Selasa, 09 November 2021

cisitu lebak banten kidul

Falsafah Hidup Masyarakat Adat Kasepuhan Cisitu
Kabupaten Lebak

Oleh:
Ria Andayani Somantri
(BPNB Jabar)

Kasepuhan Cisitu merupakan salah satu masyarakat adat yang terdapat di wilayah Kecamatan Cibeber, Kabupaten Lebak, Provinsi Banten. Kasepuhan tersebut terletak di wilayah Taman Nasional Salak Halimun, dengan ketinggian 1.500 meter di atas permukaan laut (mdpl). Dalam kesehariannya masyarakat Kasepuhan Cisitu ada beberapa falsafah hidup yang cukup menarik untuk dicermati.

  1. Tilu sapamali dua sakarupa nu hiji eta-eta keneh
    “tiga pantangan dua serupa dan yang satu itu-itu juga”
    Pelaksanaan hal itu dalam berbagai kehidupan manusia selalu diatur oleh tiga faktor, misalnya di Indonesia tiga hukum, yaitu hukum adat, hukum agama, dan hukum negara. Ketiga hukum itu harus selalu harmonis karena satu dengan yang lainnya memiliki kepentingan yang sama. Jika salah satu diabaikan, akan terjadi ketidakseimbangan atau ketidakstabilan sebuah negara. Selama ketiganya harmonis maka sebuah negara akan sejahtera, rukun, dan damai. Kalau tidak harmonis di antara ketiganya, bahkan ketiganya tidak berwibawa maka akan kacaulah sebuah negara, seperti bunyi ungkapan:
    – Dukun kurang pangaruh,
    – Pamarentah kurang komara,
    – Ulama kurang wibawa.
    Dukun kurang pangaruh artinya adat istiadat hanya dijadikan kedok, dukun sebagai simbol hukum adat; pamarentah kurang komara artinya pemerintah kurang dihormati, pemerintah sebagai simbol hukum negara; dan ulama kurang wibawa artinya para ulama sebagai simbol hukum agama kurang berwibawa.
  2. Dalam perilaku manusia ada tiga faktor penting, yaitu:
    a. Tekad (niat/itikad),
    b. Ucap (perkataan),
    c. Lampah (perilaku).
    Ketiganya akan berjalan saling menguatkan.

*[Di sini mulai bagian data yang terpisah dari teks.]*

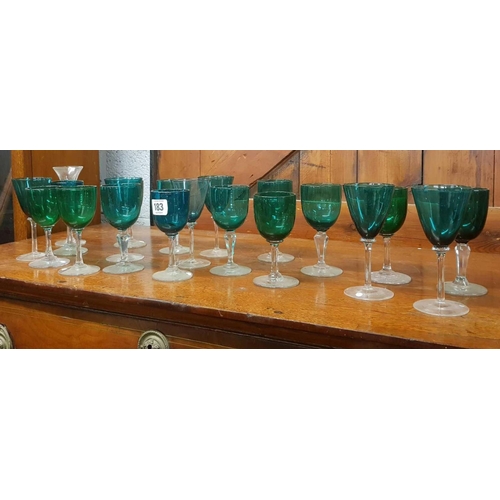 183 - QTY OF GREEN GLASS STEMMED GOBLETS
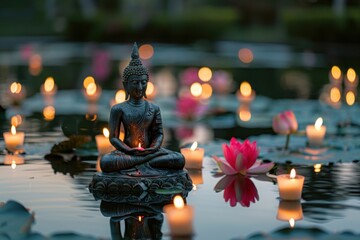 Serene Buddha statue surrounded by lotus flowers and candles on river for Buddha Purnima Vesak Day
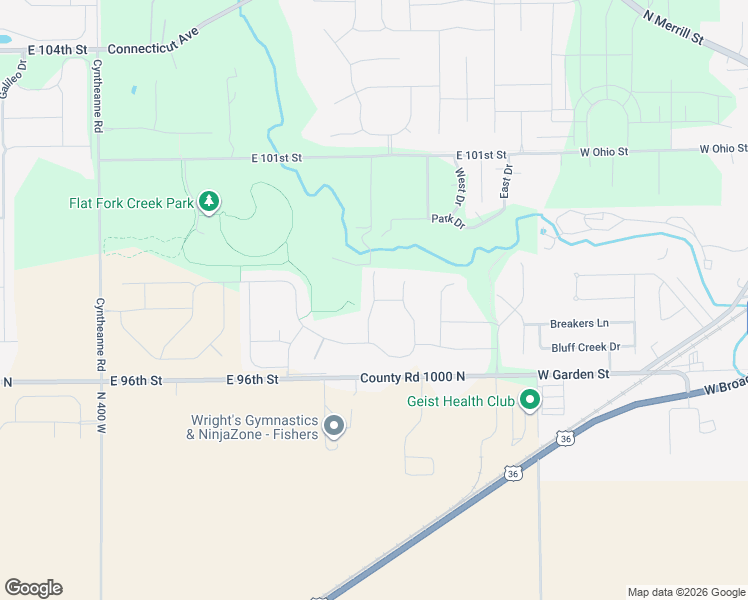 map of restaurants, bars, coffee shops, grocery stores, and more near Alzada Drive in Fishers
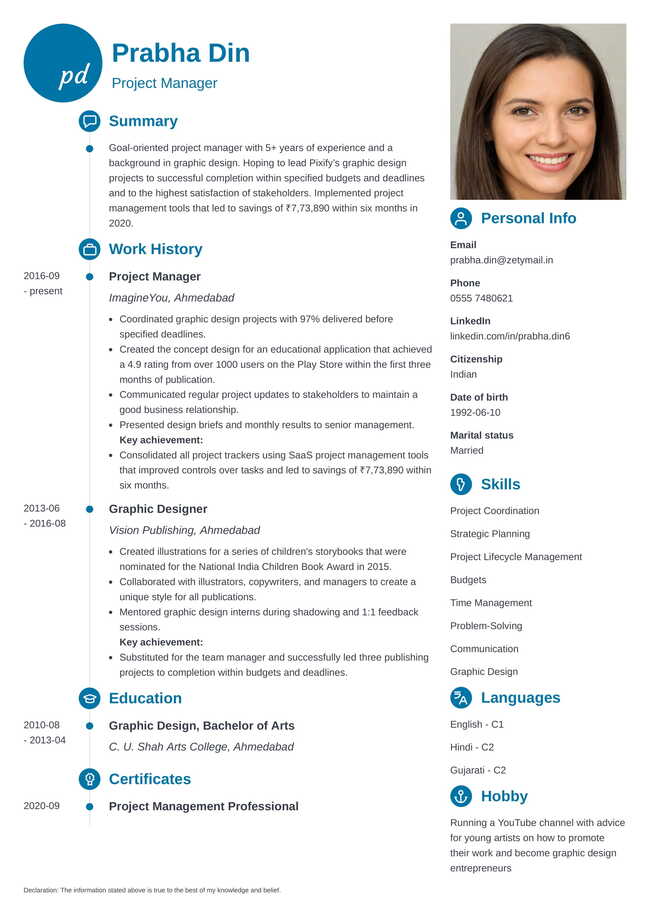 Resume sample with photo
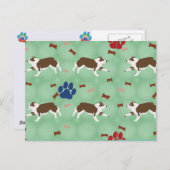 Carte Postale Cartoon Red Australian Shepherd (Devant / Derrière)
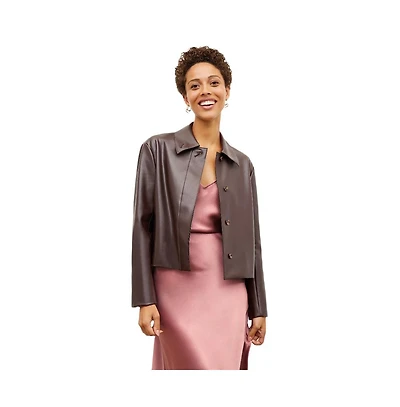 M.m.LaFleur Women's Nicky Faux Leather Cropped Jacket with Back Pleat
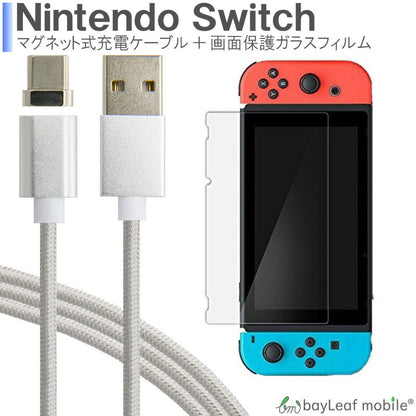 ニンテンドー スイッチ ガラス フィルム Nintendo Switch 本体 用 保護フィルム 任天堂スイッチ マグネット/磁力 ケーブル Type-C/USB TypeC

Niat yang baik akan menghasilkan perkataan dan perilaku yang baik. Begitu pun sebaliknya jika niatnya sudah buruk maka perkataan dan perilaku juga akan tidak baik.
  3. Dalam bidang pertanian terdapat tiga aspek penting, yaitu:
    a. Areg (kenyang/sejahtera)
    b. Aras (sehat),
    c. Acis (pendidikan).
    Pertanian bagi masyarakat desa merupakan mata pencaharian utama, dengan demikian para petani atau orang tua berharap dengan bertani akan tercukupilah kesejahteraan, kesehatan, dan pendidikan keluarga terutama masa depan keturunan mereka.
  4. Keadaan alam dan masyarakat digambarkan dalam tigal hal, yakni
    a. Alam ngaca,
    b. alam ngaco,
    c. alam ngaci.
    Alam ngaca artinya kejadian alam dijadikan sebagai cermin; alam ngaco artinya keadaan perilaku masyarakat yang sudah kacau balau; dan alam ngaci artinya keadaan alam yang sae (baik). Keadaan masyarakat atau alam yang sudah kacau balau digambarkan dalam sebuah ungkapan: dukun kurang pangaruh ‘dukun kurang dihormati’, paraji kurang sakti ‘dukun beranak diragukan kemampuannya’, pamarentah kurang komara ‘pemerintah tidak disegani’, ulama kurang wibawa ‘ulama tidak berwibawa’, dan rakyat euweuh kaera ‘rakyat sudah tidak memiliki rasa malu’.